“Rolezinho” é uma palavra linda. “É a sociedade brasileira se mexendo.”
Assim vê Caetano Veloso, 71, os encontros dos jovens da periferia nos shoppings. Obviamente, não sem também alfinetar a mídia, que considera ter tentado passar a imagem de que “rolezinhos” eram “invasões”.
O cantor baiano, que lança o CD e o DVD do show “Abraçaço”, conversou com a Folha por e-mail. Caetano falou sobre a polêmica das biografias e defendeu-se de quem o acusou de censura e demagogia. Leia os principais trechos da entrevista.
“Não creio muito nas belezas das revoluções”
Qual sua opinião sobre os “rolezinhos”? Em sua opinião, há uma relação direta entre eles e os protestos de junho do ano passado?
Caetano Veloso – Só a palavra “rolezinho” (tanto pronunciada à paulista, com o “e” fechado, quanto à baiana, e mesmo carioca, com o “e” aberto) é já uma grande beleza. A pior coisa escrita num jornal sobre o assunto foi que a palavra é feia e cafona. Essa opinião, de um colunista conservador, é que era exibição de mau gosto. Claro que rolezinhos são a sociedade brasileira se mexendo. Tudo de que ela mais precisa. Essa é a característica que esse fenômeno comparte com as manifestações de junho. Mas acho que a imprensa deixou que se pensasse tratar-se de exibição ostensiva de garotada da periferia em shoppings de alta classe média, dando uma impressão de invasão, quando na verdade são encontros que se dão em shoppings da periferia.
Você viu o vídeo das decapitações no presídio de Pedrinhas, no Maranhão? Qual sua opinião sobre a situação do sistema carcerário brasileiro?
C.V. – Já em meu livro Verdade Tropical [1997], eu conto a ideia da sociedade brasileira que se formou em mim quando, preso na Vila Militar, ouvi gritos de torturados durante a noite: me disseram que não eram presos políticos, e sim, ladrõezinhos da zona norte do Rio. Pois bem, décadas se passaram e não vi nada que parecesse sequer querer desmentir a ideia que tenho de nossa sociedade: brutal, injusta, cruel. O que se revelou em Pedrinhas diz muito sobre o que é a realidade das prisões (e não só das prisões) brasileiras. Temos muito, muito a fazer. E, claro, não pode ser indolor.
Como vê o movimento black bloc? Acha que o Rio será palco de nova onda de protestos?

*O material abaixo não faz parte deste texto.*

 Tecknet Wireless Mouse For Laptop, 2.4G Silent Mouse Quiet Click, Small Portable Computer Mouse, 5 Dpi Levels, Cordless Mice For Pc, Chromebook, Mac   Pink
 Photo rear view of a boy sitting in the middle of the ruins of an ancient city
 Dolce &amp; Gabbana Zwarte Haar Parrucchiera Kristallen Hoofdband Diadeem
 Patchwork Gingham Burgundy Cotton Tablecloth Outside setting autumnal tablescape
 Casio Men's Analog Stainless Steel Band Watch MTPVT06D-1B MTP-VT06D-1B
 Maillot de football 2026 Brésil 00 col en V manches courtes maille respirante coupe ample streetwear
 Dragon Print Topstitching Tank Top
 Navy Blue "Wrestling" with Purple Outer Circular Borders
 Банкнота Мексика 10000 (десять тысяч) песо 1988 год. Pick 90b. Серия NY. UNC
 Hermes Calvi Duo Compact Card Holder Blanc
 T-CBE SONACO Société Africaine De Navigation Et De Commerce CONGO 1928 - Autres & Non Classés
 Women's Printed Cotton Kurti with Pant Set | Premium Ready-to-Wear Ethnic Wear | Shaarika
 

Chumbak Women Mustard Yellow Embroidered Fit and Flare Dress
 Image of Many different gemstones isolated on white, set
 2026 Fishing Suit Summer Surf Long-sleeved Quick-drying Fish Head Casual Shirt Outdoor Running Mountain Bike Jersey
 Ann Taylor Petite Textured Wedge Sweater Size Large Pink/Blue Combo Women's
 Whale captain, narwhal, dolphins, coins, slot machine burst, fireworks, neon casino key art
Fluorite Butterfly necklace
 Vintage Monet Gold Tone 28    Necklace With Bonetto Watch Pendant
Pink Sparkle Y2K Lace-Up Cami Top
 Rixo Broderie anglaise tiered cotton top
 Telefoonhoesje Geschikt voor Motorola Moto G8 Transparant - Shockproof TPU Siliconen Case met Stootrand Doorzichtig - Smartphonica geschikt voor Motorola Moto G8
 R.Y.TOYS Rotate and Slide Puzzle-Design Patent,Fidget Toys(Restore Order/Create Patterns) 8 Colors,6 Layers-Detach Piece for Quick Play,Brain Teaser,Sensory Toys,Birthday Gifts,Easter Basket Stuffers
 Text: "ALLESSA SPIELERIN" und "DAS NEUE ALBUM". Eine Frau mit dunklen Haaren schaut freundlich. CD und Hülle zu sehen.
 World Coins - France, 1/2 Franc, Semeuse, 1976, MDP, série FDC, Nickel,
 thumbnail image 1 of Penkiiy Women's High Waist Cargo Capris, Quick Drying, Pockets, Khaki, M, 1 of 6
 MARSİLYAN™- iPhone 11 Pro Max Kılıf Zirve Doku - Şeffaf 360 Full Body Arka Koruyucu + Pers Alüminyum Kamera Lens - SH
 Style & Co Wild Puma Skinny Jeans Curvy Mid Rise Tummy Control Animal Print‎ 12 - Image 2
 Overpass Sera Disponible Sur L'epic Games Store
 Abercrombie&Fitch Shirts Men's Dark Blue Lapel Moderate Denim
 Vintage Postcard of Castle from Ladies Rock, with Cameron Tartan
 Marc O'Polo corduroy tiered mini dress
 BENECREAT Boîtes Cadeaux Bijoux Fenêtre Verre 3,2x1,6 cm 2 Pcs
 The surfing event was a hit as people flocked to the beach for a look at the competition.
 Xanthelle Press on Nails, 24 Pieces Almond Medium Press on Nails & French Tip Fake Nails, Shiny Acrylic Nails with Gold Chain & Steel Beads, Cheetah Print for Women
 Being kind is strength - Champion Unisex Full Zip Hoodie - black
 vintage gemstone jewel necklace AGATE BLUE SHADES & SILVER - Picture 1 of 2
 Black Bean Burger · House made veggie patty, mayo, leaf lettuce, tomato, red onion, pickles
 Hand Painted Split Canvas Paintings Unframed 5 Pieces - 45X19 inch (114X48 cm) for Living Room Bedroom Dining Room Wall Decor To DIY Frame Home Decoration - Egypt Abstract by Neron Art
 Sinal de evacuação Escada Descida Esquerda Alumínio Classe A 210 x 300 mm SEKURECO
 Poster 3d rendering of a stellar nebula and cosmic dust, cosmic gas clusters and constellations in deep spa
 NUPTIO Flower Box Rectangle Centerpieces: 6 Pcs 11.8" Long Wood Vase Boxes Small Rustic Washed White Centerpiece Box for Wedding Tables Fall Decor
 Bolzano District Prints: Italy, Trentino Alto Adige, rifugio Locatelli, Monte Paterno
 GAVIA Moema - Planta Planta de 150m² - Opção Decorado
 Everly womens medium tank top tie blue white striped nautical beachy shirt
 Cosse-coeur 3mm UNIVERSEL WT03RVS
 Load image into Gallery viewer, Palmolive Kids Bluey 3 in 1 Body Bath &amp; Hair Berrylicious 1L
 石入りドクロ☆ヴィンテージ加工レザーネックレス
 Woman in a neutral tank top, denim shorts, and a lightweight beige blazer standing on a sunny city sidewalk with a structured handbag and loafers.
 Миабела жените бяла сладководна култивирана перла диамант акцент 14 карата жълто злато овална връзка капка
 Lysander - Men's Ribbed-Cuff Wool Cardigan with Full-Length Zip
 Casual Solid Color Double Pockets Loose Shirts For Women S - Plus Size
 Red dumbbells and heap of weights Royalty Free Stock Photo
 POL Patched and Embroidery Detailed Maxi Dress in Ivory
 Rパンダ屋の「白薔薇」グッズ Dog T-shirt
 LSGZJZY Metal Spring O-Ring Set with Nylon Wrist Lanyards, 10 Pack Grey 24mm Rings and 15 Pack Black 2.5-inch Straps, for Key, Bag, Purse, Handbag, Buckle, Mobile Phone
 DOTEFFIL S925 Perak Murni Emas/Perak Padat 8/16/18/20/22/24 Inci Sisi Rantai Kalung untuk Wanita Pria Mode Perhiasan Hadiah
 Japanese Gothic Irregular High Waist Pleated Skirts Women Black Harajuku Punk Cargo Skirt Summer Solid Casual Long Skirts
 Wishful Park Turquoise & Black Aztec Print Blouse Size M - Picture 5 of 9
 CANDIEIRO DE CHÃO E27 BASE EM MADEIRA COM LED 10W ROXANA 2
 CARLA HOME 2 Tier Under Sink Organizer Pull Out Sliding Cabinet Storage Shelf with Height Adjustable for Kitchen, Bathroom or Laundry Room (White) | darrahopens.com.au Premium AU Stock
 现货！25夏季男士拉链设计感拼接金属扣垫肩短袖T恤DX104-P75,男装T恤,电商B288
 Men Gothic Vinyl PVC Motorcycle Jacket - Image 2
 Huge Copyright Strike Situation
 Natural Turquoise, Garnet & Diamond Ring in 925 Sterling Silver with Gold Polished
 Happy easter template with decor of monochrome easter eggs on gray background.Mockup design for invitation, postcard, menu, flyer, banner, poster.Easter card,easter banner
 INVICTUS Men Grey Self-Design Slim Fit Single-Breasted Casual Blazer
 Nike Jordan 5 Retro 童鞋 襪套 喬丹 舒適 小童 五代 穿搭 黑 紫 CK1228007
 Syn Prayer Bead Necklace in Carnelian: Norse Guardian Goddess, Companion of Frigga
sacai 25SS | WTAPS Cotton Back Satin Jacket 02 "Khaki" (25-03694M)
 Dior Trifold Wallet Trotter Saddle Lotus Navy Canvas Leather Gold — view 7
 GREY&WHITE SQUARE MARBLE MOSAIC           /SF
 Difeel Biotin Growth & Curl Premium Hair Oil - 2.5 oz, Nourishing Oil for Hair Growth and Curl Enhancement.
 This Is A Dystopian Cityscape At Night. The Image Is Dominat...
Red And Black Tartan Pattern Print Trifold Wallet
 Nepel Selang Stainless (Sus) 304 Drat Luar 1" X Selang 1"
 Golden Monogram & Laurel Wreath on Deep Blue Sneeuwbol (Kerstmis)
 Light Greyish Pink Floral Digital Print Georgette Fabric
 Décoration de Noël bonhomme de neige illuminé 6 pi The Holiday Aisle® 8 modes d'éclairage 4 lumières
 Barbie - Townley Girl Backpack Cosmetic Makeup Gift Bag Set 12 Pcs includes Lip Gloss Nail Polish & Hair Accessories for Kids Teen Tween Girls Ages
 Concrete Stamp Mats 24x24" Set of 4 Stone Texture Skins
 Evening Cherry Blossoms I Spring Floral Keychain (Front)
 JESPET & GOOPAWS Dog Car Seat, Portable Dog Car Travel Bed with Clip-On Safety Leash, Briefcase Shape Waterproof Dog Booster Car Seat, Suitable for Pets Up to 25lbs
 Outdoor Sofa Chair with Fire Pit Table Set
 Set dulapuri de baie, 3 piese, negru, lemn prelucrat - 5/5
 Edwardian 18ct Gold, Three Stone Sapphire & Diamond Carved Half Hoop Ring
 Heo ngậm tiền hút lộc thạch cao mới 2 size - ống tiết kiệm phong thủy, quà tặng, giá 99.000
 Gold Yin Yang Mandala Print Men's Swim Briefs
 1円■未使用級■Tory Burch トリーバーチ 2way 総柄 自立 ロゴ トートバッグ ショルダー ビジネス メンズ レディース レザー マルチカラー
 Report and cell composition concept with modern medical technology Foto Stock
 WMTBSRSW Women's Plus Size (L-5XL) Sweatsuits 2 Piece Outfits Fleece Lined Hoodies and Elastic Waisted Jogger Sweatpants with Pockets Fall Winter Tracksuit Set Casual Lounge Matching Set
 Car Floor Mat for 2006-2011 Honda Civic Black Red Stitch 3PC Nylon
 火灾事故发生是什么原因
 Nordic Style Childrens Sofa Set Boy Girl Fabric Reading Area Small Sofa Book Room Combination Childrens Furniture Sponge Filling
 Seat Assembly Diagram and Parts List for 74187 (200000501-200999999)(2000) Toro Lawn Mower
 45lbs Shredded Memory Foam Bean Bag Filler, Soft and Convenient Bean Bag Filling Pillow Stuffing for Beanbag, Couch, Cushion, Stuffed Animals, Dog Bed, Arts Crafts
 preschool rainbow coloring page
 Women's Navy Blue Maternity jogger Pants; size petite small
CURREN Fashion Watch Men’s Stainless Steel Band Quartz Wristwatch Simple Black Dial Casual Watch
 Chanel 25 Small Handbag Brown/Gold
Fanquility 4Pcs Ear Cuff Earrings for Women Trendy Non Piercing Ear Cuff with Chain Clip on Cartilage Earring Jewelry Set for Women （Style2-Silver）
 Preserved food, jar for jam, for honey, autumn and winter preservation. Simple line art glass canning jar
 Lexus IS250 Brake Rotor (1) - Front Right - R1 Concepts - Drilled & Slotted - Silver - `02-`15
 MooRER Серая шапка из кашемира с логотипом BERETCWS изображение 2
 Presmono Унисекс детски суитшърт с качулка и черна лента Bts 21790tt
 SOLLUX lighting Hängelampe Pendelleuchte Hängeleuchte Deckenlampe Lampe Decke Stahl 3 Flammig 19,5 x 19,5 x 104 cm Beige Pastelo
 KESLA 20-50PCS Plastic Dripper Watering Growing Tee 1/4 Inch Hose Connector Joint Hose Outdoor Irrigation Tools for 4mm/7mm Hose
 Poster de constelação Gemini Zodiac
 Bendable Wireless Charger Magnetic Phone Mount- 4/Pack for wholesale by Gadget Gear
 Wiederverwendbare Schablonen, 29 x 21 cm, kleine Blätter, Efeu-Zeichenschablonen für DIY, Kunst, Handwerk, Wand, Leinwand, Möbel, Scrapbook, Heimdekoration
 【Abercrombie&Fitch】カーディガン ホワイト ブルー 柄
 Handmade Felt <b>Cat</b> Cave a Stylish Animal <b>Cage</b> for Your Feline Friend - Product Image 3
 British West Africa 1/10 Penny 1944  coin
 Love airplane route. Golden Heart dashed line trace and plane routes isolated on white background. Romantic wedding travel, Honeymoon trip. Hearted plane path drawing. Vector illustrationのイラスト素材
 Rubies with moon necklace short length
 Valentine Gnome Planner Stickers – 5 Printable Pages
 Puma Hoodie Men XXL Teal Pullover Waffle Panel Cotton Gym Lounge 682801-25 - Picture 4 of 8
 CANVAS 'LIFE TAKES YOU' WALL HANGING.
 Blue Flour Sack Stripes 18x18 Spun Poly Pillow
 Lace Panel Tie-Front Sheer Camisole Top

C.V. – Não gosto de violência nem desejo insuflar o entusiasmo de jovens narcisistas que adoram se sentir salvadores da humanidade. Mas, como disse, os nós de nossa estrutura social brutal não podem se desfazer sem dor. Black blocs têm a ingenuidade de rebeldes sessentistas (com os quais me identifiquei no ato na segunda metade dos anos 1960), por isso, tendo a simpatizar com eles, mesmo sendo capaz de criticá-los sem dó, como fiz no começo desta resposta. É provável que haja manifestações neste ano, com Copa e eleições e tudo o mais. Vejo que o todo da população está vacinado contra o que há de desestabilizador nessas movimentações e, portanto, irá neutralizar os protestos. O povo é conservador. Ao menos o brasileiro é. Mas, do jeito que anda o mundo, é sempre possível que um fato pequeno, corriqueiro, desencadeie uma nova onda, talvez muito mais forte e incontrolável. Não digo isso porque o deseje: sou classe-média e gosto de paz e sossego. Além disso não creio muito nas belezas que se atribuem às revoluções. Jamais utilizaria a palavra “terror” como algo desejável, como [o filósofo esloveno Slavoj] Zizek faz. Mas percebo a possibilidade de algo assim acontecer. E não sou contra, já que a injustiça, a brutalidade e a crueldade merecem reação enérgica.
“Sobrou uma frase impaciente para Roberto”
No caso das biografias, você declarou que a imprensa atacou-os de modo unilateral. Como analisa a imprensa cultural brasileira? Está reproduzindo o linguajar e a combatividade das mídias sociais?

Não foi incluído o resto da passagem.